[Material to process]

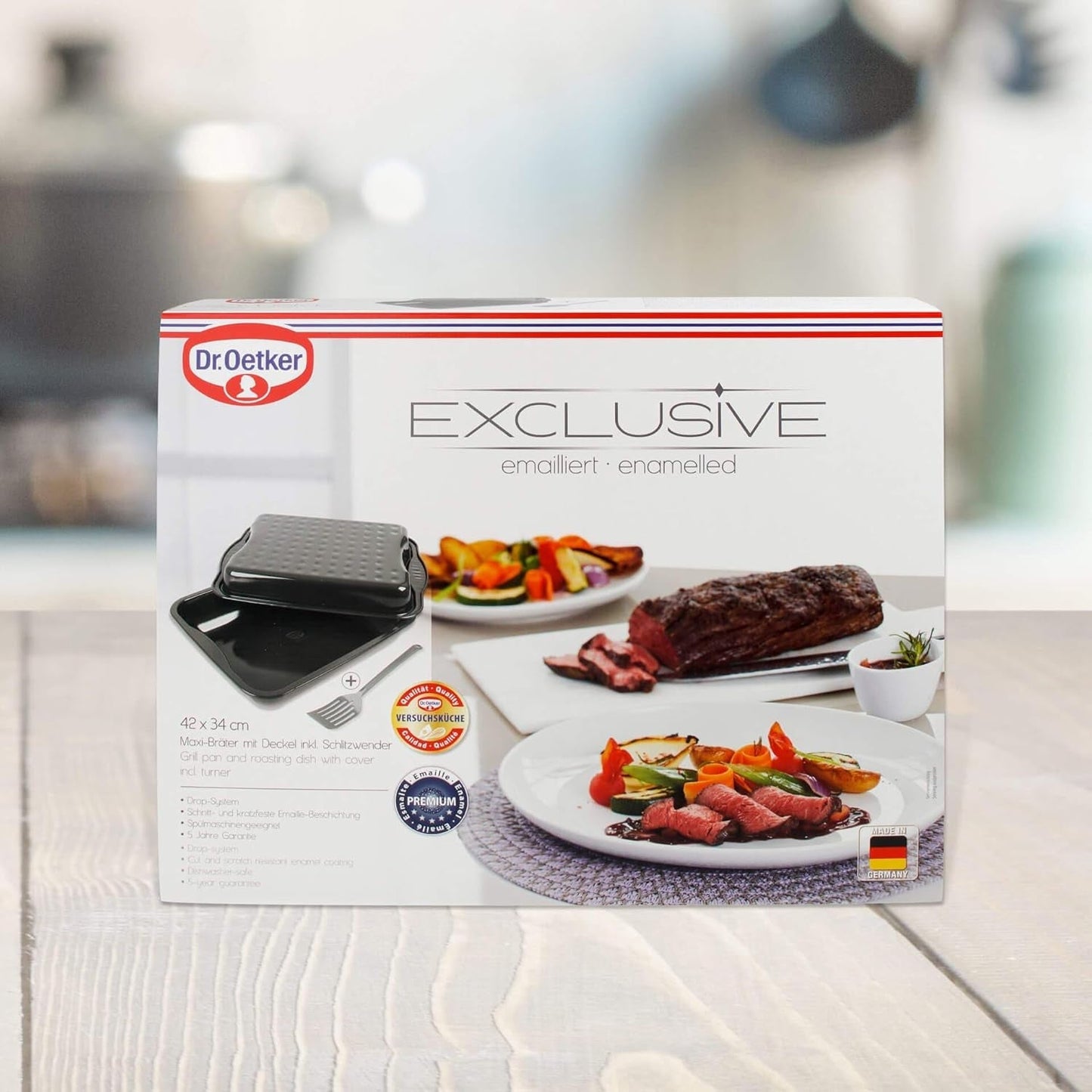 Dr. Oetker Maxi Freidora con tapa de acero, fuente familiar cuadrada para asar pollo y verduras Moldes y bandejas para hornear Naty Shop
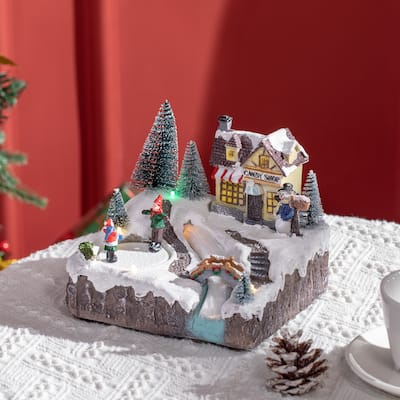 HOMCOM Animated Christmas Village Scene, Pre-Lit Musical Holiday Decoration with LED Lights, Fiber Optic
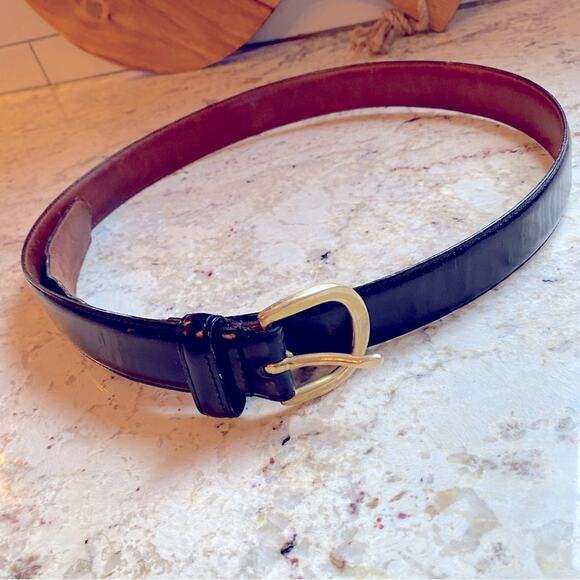 Vintage Coach USA Buckle Brass Leather 1” wide Belt BLK sz 34 - Picture 2 of 12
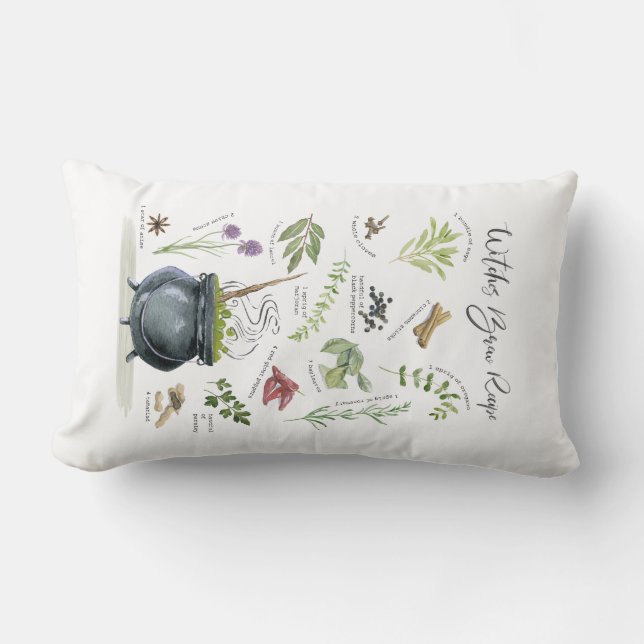 Modernes Vintages Halloween Cauldron Rezept 1 Lendenkissen (Vorderseite)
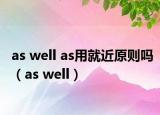 as well as用就近原则吗（as well）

[Problem to work on]
Leave out every picture, and repeat word for word only the lines from the one holding "Vintage Coach USA" through the end of the entries above, both ends included.

[Solution]
 Vintage Coach USA Buckle Brass Leather 1” wide Belt BLK sz 34 - Picture 2 of 12
 Modernes Vintages Halloween Cauldron Rezept 1 Lendenkissen (Vorderseite)
 as well as用就近原则吗（as well）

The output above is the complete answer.